Tuesday, March 29, 2011

Mike Noga



The Balladeer Hunter
Other Tongues

In recent interviews Mike Noga has made it clear that his latest solo effort The Balladeer Hunter need not be considered merely a side project by that drummer from The Drones. It would be easy to brush those kinds of comments off as pure rhetoric or egotism, and as a writer there’s always that twang of apprehension as you give that new record from a musician you admire its first spin. Is this going to suck?, you think. What will I say if it stinks? Thankfully this record shines from the first listen and in all its bleak loveliness does nothing but secure Noga’s song writing abilities as some of the best around.
The opening crisply plucked guitar and stomp box simplicity of the much rotated community radio darling M’Belle sets the landscape of this recording beautifully.
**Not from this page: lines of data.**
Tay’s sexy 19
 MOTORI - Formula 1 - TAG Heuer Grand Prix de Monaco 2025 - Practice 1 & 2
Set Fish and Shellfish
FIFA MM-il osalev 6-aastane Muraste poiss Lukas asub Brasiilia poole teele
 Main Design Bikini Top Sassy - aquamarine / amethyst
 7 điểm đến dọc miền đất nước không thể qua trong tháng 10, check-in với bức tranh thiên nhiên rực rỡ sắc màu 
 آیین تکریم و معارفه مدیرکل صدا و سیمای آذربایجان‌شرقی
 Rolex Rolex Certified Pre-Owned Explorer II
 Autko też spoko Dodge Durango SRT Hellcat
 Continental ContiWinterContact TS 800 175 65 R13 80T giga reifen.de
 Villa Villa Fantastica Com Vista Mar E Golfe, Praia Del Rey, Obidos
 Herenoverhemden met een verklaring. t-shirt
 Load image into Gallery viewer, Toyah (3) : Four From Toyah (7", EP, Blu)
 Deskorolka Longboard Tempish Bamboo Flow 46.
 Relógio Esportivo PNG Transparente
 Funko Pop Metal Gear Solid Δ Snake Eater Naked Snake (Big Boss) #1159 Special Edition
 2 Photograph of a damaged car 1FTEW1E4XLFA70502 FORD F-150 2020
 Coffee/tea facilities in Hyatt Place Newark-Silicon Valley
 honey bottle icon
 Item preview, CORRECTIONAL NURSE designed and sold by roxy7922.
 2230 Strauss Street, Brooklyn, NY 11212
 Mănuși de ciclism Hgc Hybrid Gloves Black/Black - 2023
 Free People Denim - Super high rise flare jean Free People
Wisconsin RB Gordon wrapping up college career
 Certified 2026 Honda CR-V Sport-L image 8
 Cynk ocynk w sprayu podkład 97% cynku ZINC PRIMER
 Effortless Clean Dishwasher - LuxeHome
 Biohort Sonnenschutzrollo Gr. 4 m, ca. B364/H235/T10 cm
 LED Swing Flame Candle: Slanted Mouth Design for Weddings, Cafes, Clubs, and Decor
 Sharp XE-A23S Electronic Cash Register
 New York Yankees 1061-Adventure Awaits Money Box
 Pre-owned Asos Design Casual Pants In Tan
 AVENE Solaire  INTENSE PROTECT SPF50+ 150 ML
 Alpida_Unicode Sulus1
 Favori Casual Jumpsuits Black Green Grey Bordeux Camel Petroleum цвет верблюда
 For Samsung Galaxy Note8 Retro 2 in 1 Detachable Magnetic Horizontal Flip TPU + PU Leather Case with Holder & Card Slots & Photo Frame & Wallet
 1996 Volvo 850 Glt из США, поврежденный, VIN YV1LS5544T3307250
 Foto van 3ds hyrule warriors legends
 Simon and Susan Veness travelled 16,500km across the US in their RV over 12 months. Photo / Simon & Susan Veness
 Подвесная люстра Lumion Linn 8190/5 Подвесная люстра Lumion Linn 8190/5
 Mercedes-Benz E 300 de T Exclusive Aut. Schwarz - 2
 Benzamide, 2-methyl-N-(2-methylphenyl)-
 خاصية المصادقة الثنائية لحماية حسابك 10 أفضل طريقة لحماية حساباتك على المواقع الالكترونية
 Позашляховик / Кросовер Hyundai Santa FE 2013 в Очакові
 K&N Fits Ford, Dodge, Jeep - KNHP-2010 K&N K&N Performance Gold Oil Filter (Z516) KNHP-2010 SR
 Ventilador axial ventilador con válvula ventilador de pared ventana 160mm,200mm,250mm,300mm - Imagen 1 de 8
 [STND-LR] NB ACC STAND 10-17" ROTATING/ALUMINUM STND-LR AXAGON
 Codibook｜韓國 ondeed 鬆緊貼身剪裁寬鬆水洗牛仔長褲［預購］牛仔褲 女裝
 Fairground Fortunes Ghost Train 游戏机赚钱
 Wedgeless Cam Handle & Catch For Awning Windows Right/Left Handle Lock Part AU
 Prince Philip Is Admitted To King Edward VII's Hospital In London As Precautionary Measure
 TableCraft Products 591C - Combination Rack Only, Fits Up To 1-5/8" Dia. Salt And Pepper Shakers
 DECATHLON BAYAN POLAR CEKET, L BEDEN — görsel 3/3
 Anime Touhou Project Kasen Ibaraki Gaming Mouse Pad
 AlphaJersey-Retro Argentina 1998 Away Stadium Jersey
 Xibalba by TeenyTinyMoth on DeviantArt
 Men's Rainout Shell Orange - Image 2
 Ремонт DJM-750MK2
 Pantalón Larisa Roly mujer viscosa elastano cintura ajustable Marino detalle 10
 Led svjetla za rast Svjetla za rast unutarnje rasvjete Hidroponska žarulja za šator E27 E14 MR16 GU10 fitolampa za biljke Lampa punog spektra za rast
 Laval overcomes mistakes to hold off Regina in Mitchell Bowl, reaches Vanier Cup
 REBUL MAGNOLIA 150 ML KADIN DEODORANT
The world Noga creates is a dark place and the sparse instrumentation provides the perfect half-cover for the loaded gun in the shadows of a dark alley or small-town heartbreak.
There exists a sliver of light on the record that guides the listener to safety even through the starkest funeral marching of Walk With Me where our sinister protagonist proclaims: Only trouble walks with me and it will stay until I’ve paid/For all the pain inside of you, won’t you come walk with me into the night... Endlessly. There are moments of Dylan-esqe grand country scoundrel-ism A Long Week, desolate Irish balladry Eileen and small reprieve in the strangely Ween-like I Will Have Nothing. The spaces between the chords here give enough of a glimpse of encroaching doom, but the beauty of the individual songs sucks you along blissfully in denial. A record to savour in a warm room on a cold night, The Balladeer Hunter is a wintery gem.